(Data to examine begins)
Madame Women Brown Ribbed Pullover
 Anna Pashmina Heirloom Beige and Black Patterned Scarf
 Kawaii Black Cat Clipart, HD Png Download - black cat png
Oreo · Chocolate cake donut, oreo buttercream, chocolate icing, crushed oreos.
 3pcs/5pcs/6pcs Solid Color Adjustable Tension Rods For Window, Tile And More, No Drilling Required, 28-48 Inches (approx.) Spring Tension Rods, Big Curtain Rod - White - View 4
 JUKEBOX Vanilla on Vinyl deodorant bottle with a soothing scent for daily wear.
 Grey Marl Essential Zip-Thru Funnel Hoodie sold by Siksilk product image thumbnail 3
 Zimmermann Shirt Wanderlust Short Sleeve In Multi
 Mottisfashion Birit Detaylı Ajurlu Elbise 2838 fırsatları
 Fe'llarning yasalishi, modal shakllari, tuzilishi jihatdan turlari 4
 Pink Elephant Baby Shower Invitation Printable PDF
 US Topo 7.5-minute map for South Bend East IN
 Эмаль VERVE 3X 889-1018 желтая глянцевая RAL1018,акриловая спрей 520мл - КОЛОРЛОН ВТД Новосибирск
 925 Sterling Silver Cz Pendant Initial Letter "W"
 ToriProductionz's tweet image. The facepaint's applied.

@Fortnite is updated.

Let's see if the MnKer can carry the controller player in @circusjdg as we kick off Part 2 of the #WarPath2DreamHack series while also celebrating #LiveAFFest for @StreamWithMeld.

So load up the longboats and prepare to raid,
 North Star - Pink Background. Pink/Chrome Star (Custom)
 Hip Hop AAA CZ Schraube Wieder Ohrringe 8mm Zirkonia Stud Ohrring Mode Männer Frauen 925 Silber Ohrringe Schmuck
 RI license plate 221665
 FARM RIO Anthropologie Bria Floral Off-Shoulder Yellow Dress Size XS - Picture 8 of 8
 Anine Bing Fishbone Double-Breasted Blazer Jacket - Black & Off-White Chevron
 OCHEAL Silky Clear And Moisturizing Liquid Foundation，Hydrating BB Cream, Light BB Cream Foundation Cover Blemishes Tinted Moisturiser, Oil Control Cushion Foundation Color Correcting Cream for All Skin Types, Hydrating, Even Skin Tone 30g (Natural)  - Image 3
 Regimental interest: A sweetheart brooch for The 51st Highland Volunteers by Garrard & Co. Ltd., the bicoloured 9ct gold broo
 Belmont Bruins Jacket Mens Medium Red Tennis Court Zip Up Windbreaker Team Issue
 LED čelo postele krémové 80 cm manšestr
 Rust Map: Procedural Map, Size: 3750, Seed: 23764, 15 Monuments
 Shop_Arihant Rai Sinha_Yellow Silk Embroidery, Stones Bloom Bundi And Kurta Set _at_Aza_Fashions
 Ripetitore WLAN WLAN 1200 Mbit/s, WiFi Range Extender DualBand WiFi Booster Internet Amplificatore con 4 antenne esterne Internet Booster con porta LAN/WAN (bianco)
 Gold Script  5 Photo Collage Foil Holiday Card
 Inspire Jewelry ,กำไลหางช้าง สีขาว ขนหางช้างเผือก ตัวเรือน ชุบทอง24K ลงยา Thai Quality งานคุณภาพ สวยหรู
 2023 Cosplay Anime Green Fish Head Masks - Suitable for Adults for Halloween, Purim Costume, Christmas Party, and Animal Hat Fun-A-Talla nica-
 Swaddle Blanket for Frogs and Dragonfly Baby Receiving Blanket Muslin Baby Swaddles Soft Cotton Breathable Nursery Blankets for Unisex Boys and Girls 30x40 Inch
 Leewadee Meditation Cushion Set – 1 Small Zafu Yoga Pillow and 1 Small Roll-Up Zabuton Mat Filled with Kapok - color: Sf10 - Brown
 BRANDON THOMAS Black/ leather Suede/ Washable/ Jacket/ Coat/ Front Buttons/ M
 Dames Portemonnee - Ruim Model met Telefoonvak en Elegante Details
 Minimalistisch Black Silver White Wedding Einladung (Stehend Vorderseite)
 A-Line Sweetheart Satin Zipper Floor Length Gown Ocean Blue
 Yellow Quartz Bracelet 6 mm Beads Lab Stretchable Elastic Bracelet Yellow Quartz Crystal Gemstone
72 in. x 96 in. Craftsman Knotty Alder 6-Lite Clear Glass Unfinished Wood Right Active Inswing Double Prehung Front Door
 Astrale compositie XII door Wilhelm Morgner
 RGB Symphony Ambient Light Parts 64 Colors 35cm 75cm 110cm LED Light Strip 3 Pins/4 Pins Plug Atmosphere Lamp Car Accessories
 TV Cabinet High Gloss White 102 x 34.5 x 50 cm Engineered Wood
(Data to examine ends)
Requirement:
Go through the entries above and pull out each line with "Baby" in it.

Exercise solution:
 Pink Elephant Baby Shower Invitation Printable PDF
 Swaddle Blanket for Frogs and Dragonfly Baby Receiving Blanket Muslin Baby Swaddles Soft Cotton Breathable Nursery Blankets for Unisex Boys and Girls 30x40 Inch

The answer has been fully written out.